The opening credits were good. The intro to the main characters was fine (although Michael Cera's Nick could have been less pathetico, even in the opening scene). And it was kind of downhill from there.
I know book-to-movie adaptations always risk not living up to the pictures readers have in their heads, but - even though it'd been a long time since I read the book, and I was hazy on the finer plot details - about 5 minutes in, I realised that this was not the movie of the book I'd loved.
It had (some of) the same characters and some of the same incidents, but there was so much that it didn't capture. Like the fact that Nick is not a doormat. He's had his heart broken, yes, but he's not some weak, timid dweeb. And (although I thought Kat Dennings' performance was excellent) Norah is not the sort of girl who'd put on a push-up bra to get a guy to notice her (esp. not if said bra was given to her by said guy's friend - ugh).
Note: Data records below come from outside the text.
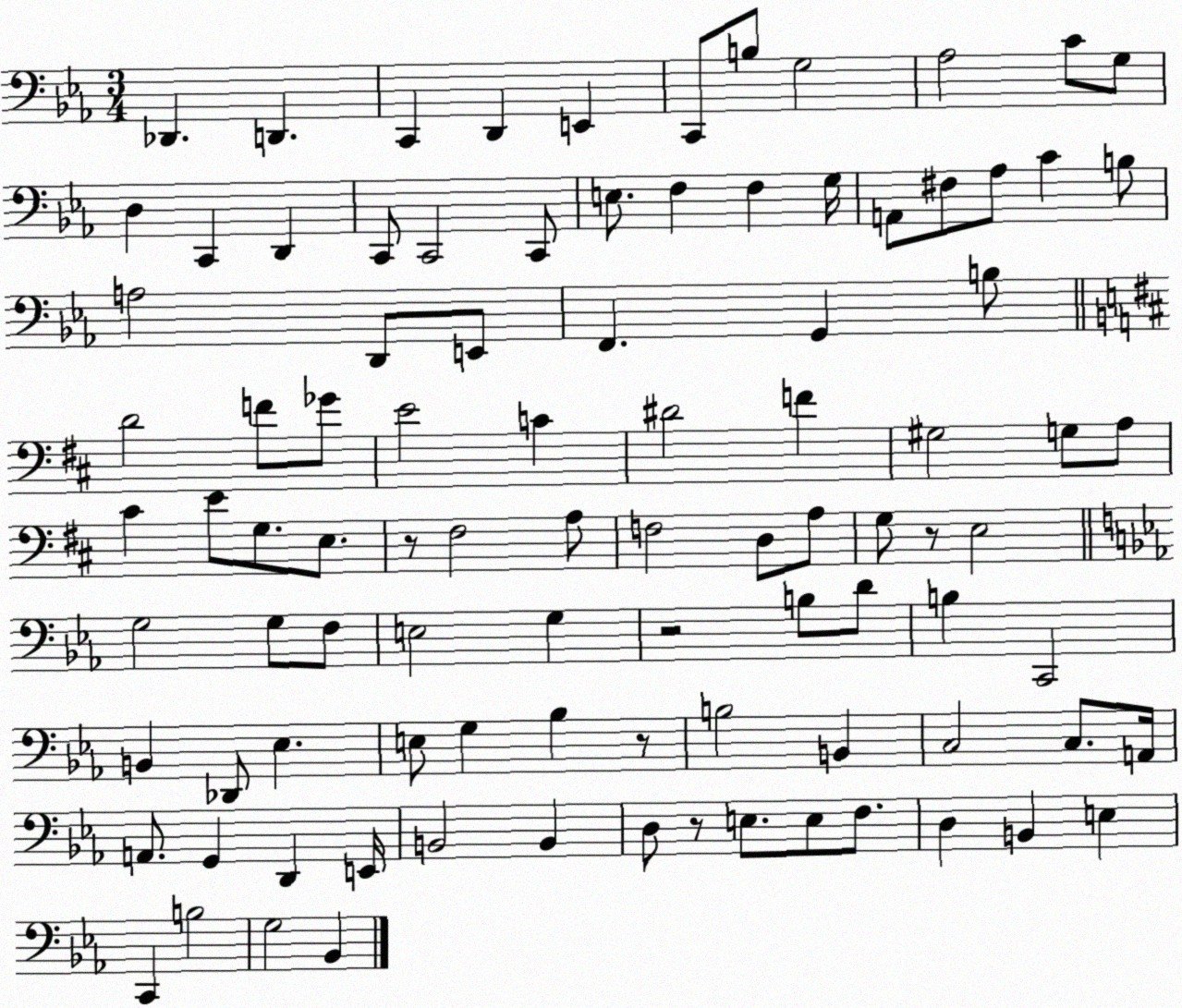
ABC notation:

X:1
T:Untitled
M:3/4
L:1/4
K:Eb
_D,, D,, C,, D,, E,, C,,/2 B,/2 G,2 _A,2 C/2 G,/2 D, C,, D,, C,,/2 C,,2 C,,/2 E,/2 F, F, G,/4 A,,/2 ^F,/2 _A,/2 C B,/2 A,2 D,,/2 E,,/2 F,, G,, B,/2 D2 F/2 _G/2 E2 C ^D2 F ^G,2 G,/2 A,/2 ^C E/2 G,/2 E,/2 z/2 ^F,2 A,/2 F,2 D,/2 A,/2 G,/2 z/2 E,2 G,2 G,/2 F,/2 E,2 G, z2 B,/2 D/2 B, C,,2 B,, _D,,/2 _E, E,/2 G, _B, z/2 B,2 B,, C,2 C,/2 A,,/4 A,,/2 G,, D,, E,,/4 B,,2 B,, D,/2 z/2 E,/2 E,/2 F,/2 D, B,, E, C,, B,2 G,2 _B,,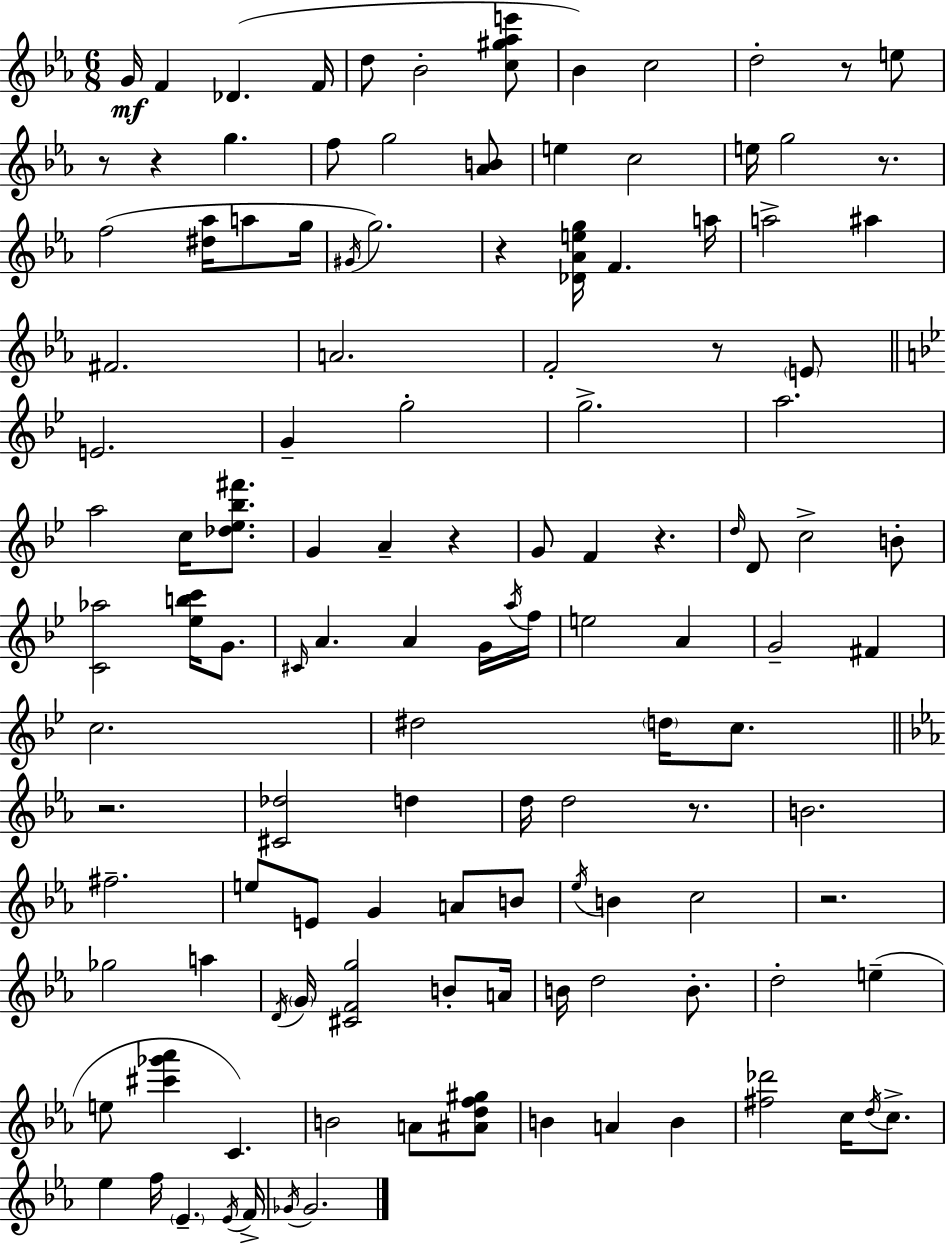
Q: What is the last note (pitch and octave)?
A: Gb4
It didn't help that some of the scenes that had been added to the screenplay made my skin crawl (Tris dancing/stripping in front of Nick's car; the ridiculous pseudo sex scene at the recording studio).
I grabbed the book off my shelf on the way out the door yesterday morning to flick through on the bus and see if my discomfort about the film adaptation was warranted. Page 1 - the moment I read Nick's narrative voice - confirmed my suspicions. By chapter 5 I was in love with the book all over again.
As a film, I quite enjoyed Nick and Norah, but I can't help thinking it should have been renamed in acknowledgement of the fact that it is not the same story as the book. If I hadn't spent so much of the movie comparing the two, I might have enjoyed it even more.